Deven Verma (23 October 1937 – 2 December 2014) was an Indian film and television actor, particularly known for his comic roles, with Bollywood directors like Basu Chatterji, Hrishikesh Mukherjee and Gulzar. He also produced and directed films, including Besharam. He won Filmfare Best Comedian Award for Chori Mera Kaam, Chor Ke Ghar Chor and Angoor.

==Life==
Verma was born on 23 October 1937 in Kutch, to Baldev Singh Verma and Sarala Devi and was brought up in Pune. His father was Rajasthani and mother belonged to Kutch. His father was a film distributor. He studied at the Nowrosjee Wadia College for Arts and Science (University of Pune) (1953–57), graduating with Honours in Politics and Sociology. He married Rupa Ganguly, daughter of veteran Bollywood actor Ashok Kumar and sister of Preeti Ganguly.

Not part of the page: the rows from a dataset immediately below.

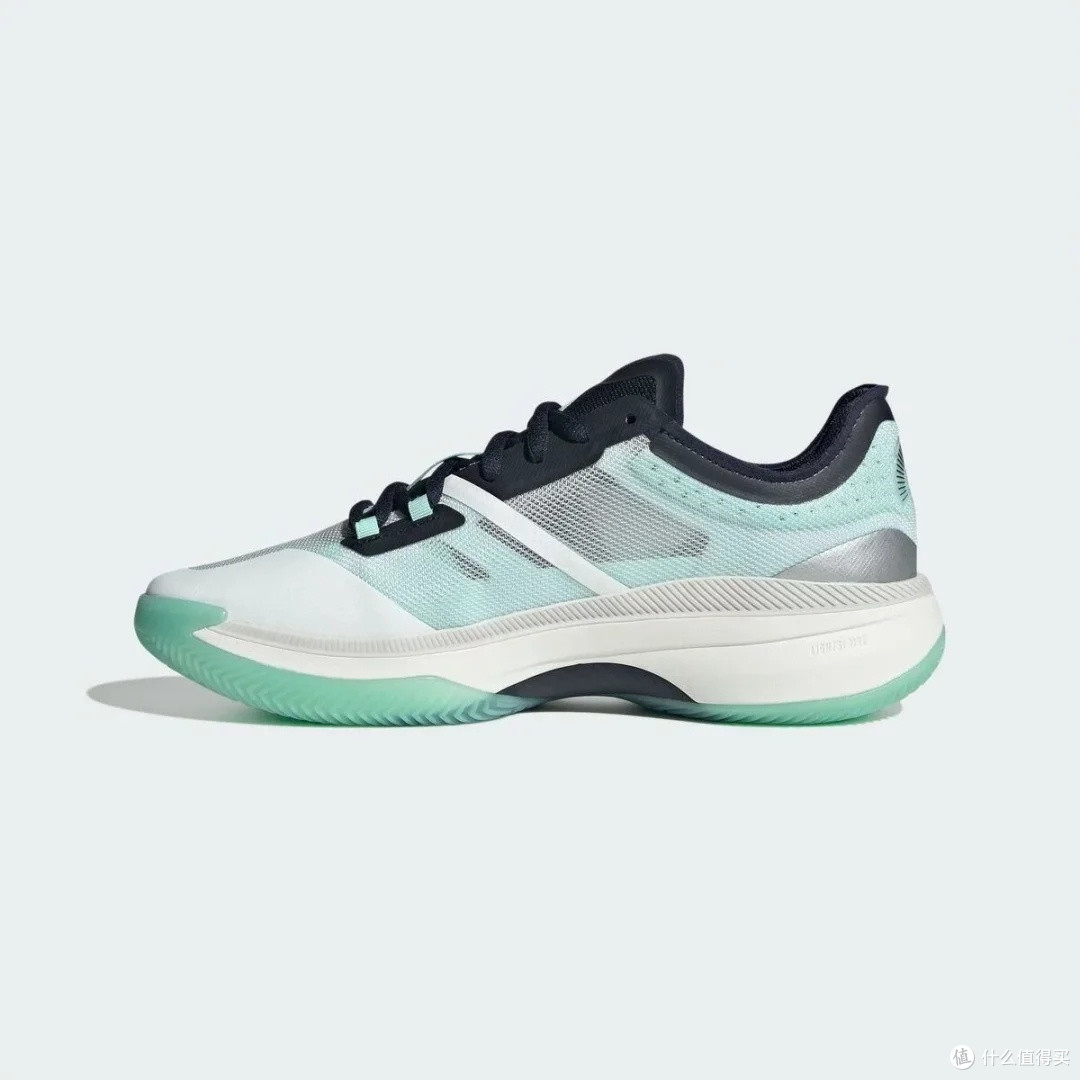 Adizero Select 3.0:速度与仪式感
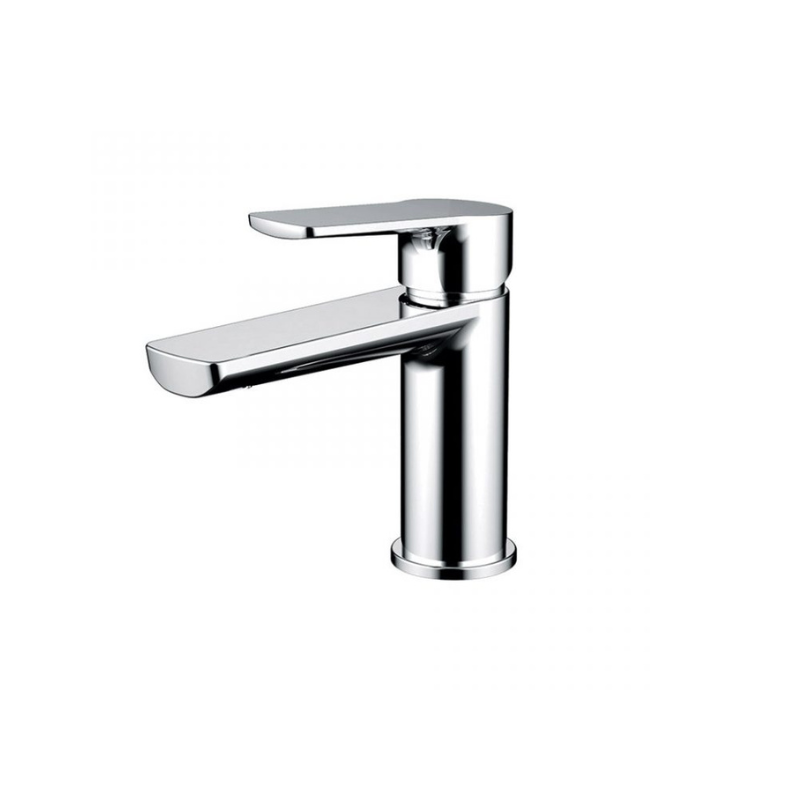 ROME | BASIN MIXER | CHROME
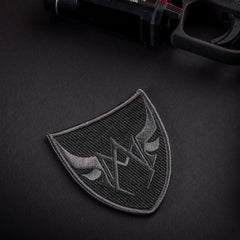 MA Crests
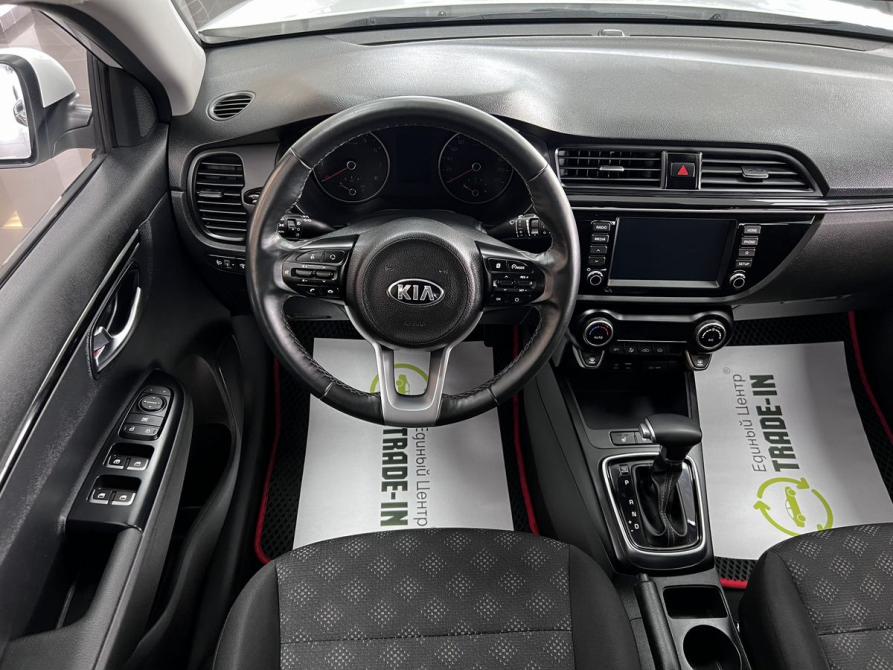 Kia Rio IV Тверь  - изображение 11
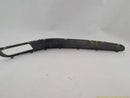 Mercedes SLK320 Driver Left Front Bumper Molding Trim-2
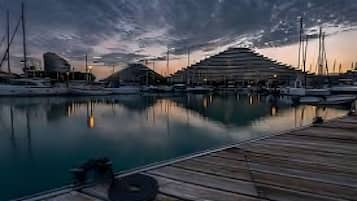 Marina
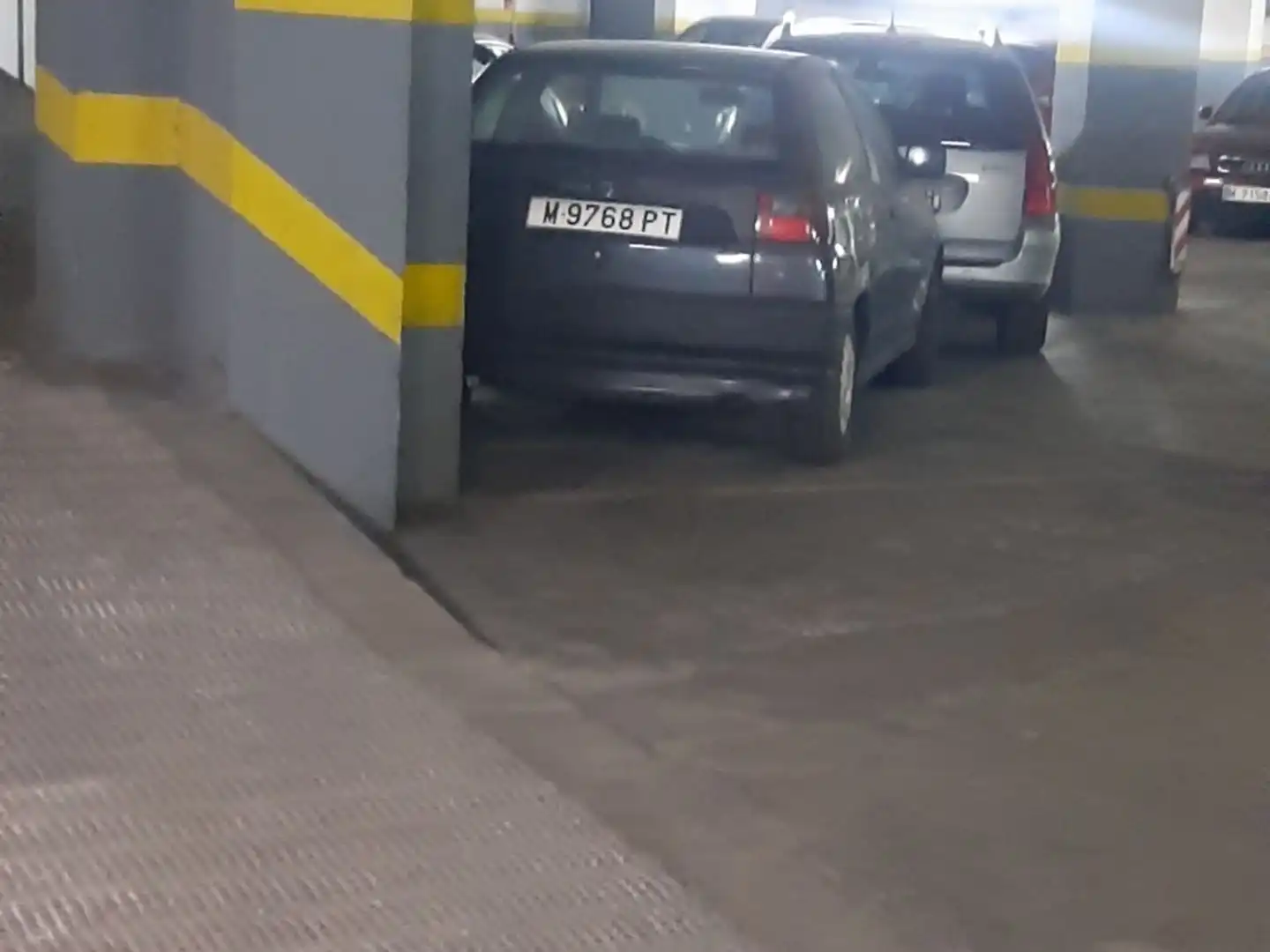 Parking of Garage for sale in Madrid
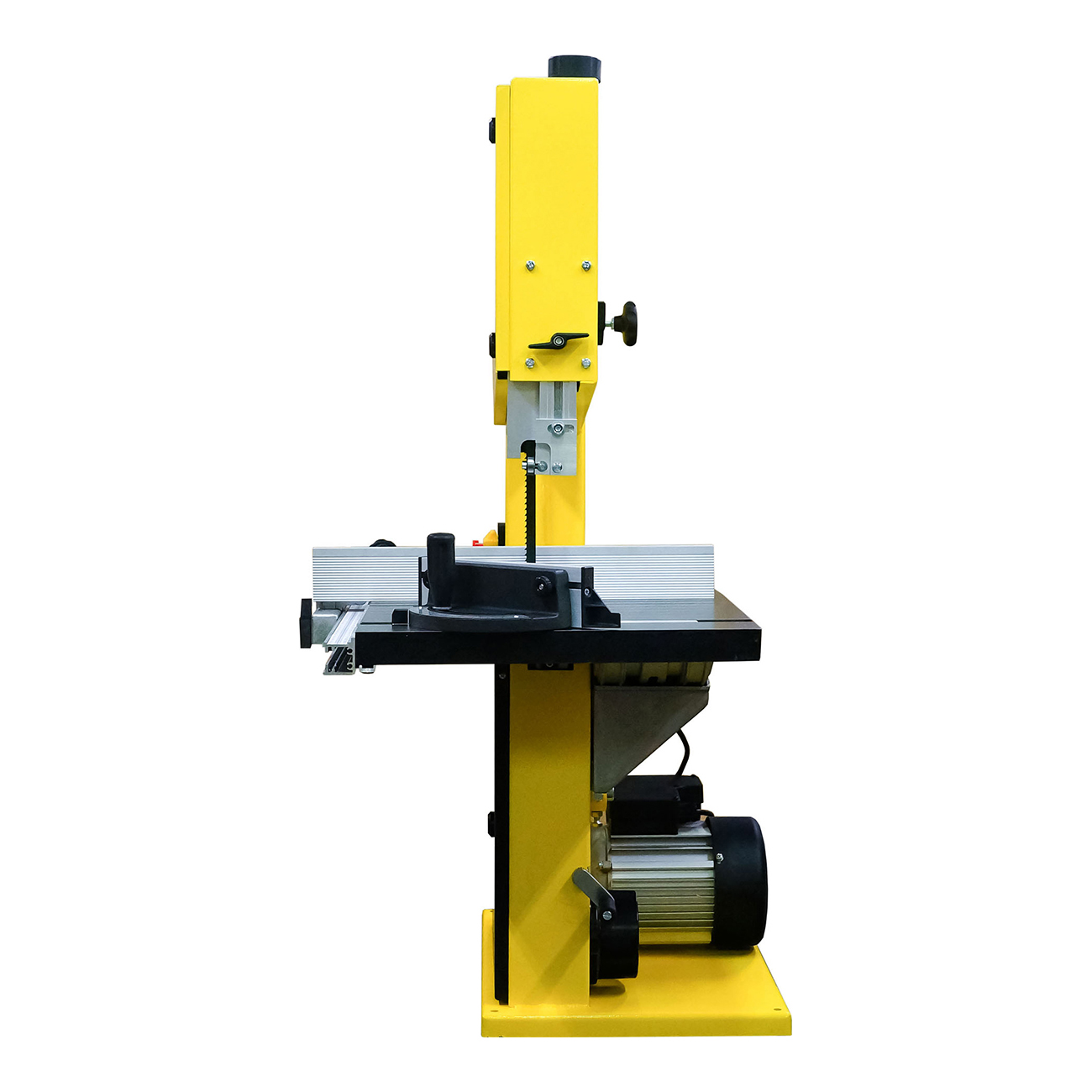 Электропила ленточная Энкор Корвет 34 90340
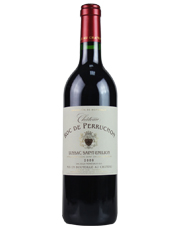洛克城堡干红葡萄酒2009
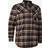 Deerhunter Landon skjorte Blue Check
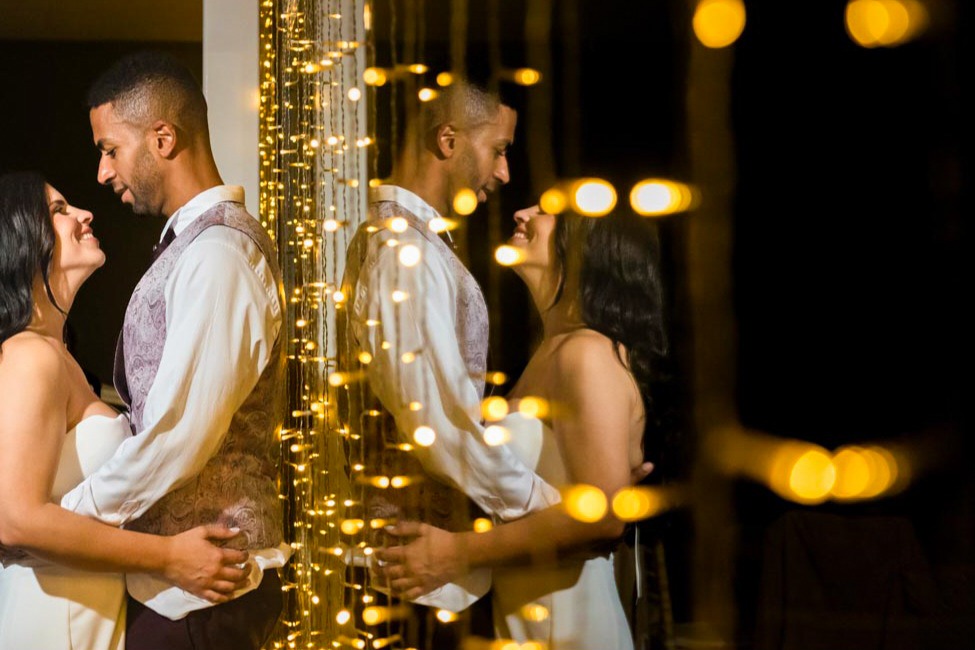 Bodas en Heretat Sabartès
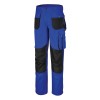Pantalon de trabajo azul mod 7900B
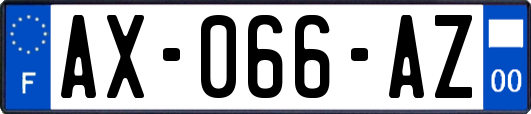 AX-066-AZ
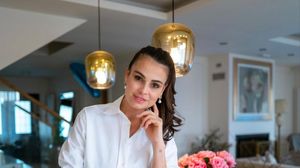 Ce mesaj a transmis Anca Serea în online, deși se află în vacanță cu soțul ei Ce mesaj a transmis Anca Serea în online, deși se află în vacanță cu soțul ei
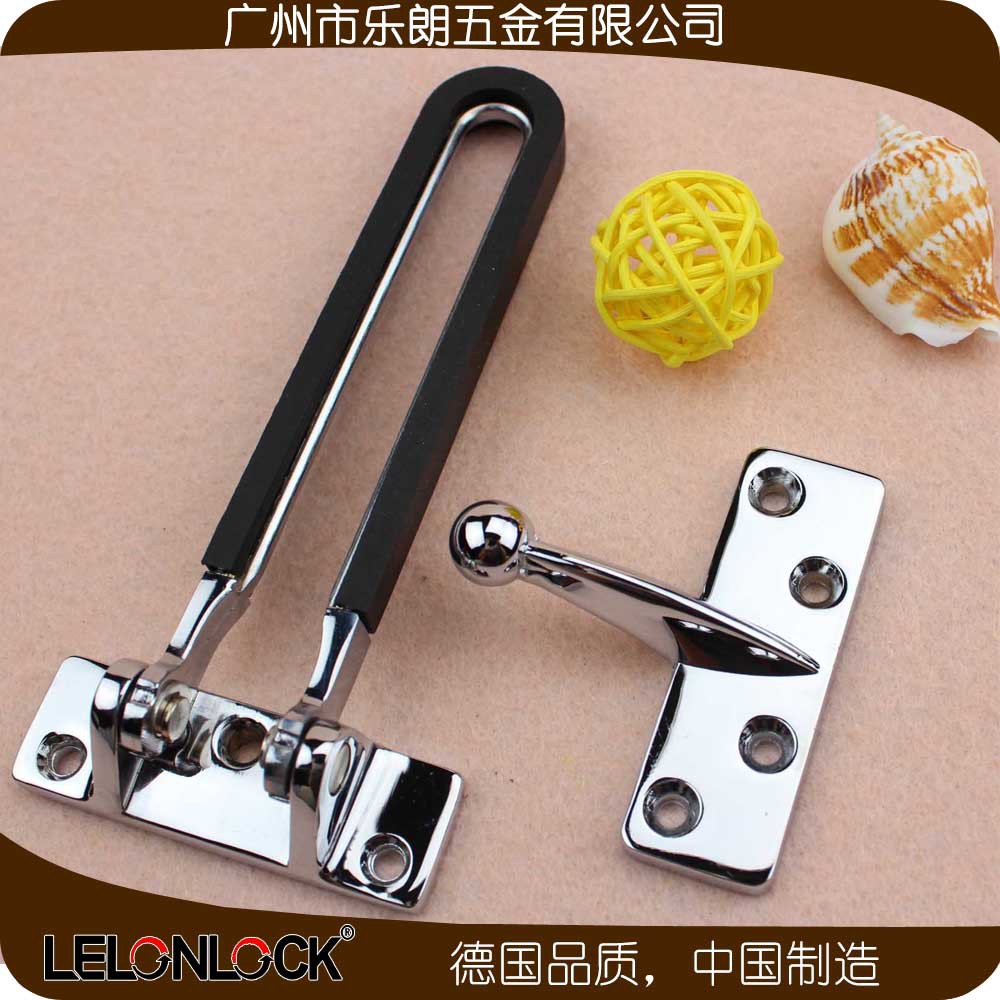 酒店門(mén)用防盜扣哪家好？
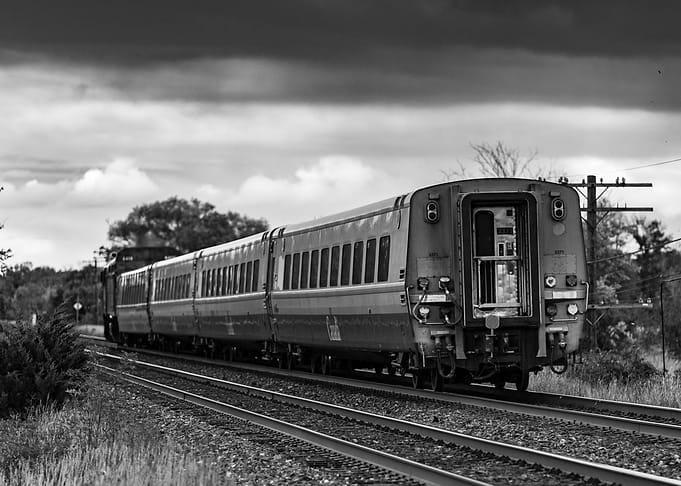 American Train
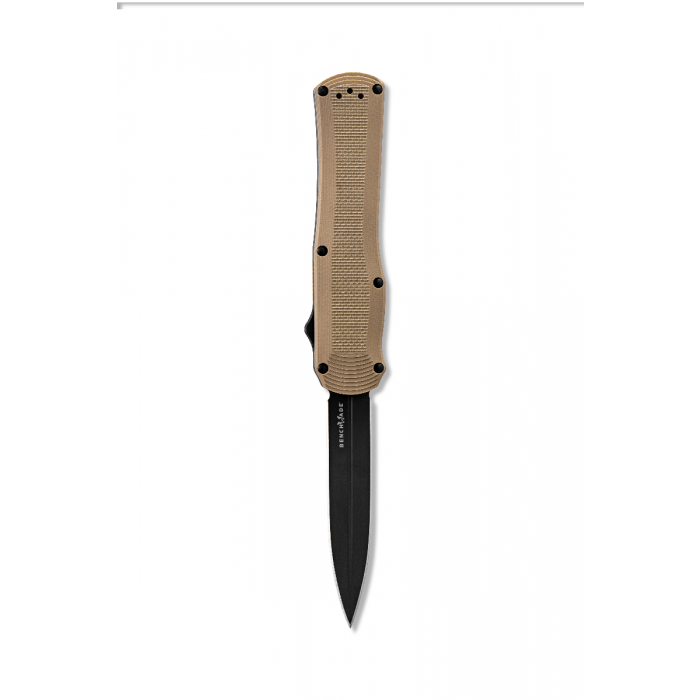 BENCHMADE 3400BK-2 AUTOCRAT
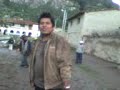 ISHUA- plantando la yunsa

The original name of Deven Verma was Devendu Verma, which he changed to Deven when he was in college. He had four sisters, two of whom were older and two of whom were younger. The two younger sisters were twins. The names of his sisters are Nirupama, Tushar, Amita, and Parul.

Apart from Hindi films, Verma acted in a few Marathi and Bhojpuri films.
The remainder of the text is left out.